Aim of the task:
Return exactly the span of lines that opens with the line containing "В Донецке прогремел мощный взрыв - соцсети" and closes with the last line of the data, inclusive.

= Beginning of Section =

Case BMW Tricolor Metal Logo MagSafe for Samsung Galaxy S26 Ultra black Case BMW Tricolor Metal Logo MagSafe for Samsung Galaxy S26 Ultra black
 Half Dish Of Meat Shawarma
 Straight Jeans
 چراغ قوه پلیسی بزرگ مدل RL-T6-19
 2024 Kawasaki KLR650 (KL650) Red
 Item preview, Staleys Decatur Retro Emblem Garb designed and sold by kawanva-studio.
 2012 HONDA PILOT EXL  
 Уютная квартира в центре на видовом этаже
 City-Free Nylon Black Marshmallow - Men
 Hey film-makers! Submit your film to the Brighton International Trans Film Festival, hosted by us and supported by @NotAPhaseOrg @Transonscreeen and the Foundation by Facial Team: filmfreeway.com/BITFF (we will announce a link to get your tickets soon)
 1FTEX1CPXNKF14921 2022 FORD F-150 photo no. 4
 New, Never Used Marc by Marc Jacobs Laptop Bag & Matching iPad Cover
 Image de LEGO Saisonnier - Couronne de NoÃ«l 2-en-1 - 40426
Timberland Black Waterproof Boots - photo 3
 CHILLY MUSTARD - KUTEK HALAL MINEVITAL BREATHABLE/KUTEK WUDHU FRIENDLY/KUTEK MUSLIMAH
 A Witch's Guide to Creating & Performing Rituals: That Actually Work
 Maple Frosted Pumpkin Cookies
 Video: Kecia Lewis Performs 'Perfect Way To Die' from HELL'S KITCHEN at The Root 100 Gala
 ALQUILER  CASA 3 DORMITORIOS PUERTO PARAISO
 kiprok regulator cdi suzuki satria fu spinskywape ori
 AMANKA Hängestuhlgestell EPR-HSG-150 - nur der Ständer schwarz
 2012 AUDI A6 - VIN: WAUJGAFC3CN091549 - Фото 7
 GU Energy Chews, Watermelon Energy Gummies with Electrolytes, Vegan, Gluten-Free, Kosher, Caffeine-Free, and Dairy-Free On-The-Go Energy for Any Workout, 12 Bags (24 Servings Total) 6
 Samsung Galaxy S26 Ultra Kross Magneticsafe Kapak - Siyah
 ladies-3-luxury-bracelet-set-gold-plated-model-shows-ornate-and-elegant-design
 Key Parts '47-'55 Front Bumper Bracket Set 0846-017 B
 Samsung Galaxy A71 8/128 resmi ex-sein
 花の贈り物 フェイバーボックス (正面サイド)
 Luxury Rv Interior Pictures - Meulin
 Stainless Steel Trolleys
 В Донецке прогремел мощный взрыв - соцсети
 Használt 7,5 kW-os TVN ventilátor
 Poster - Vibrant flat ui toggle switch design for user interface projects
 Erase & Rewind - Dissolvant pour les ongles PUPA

= End of Section =

Output below:
 В Донецке прогремел мощный взрыв - соцсети
 Használt 7,5 kW-os TVN ventilátor
 Poster - Vibrant flat ui toggle switch design for user interface projects
 Erase & Rewind - Dissolvant pour les ongles PUPA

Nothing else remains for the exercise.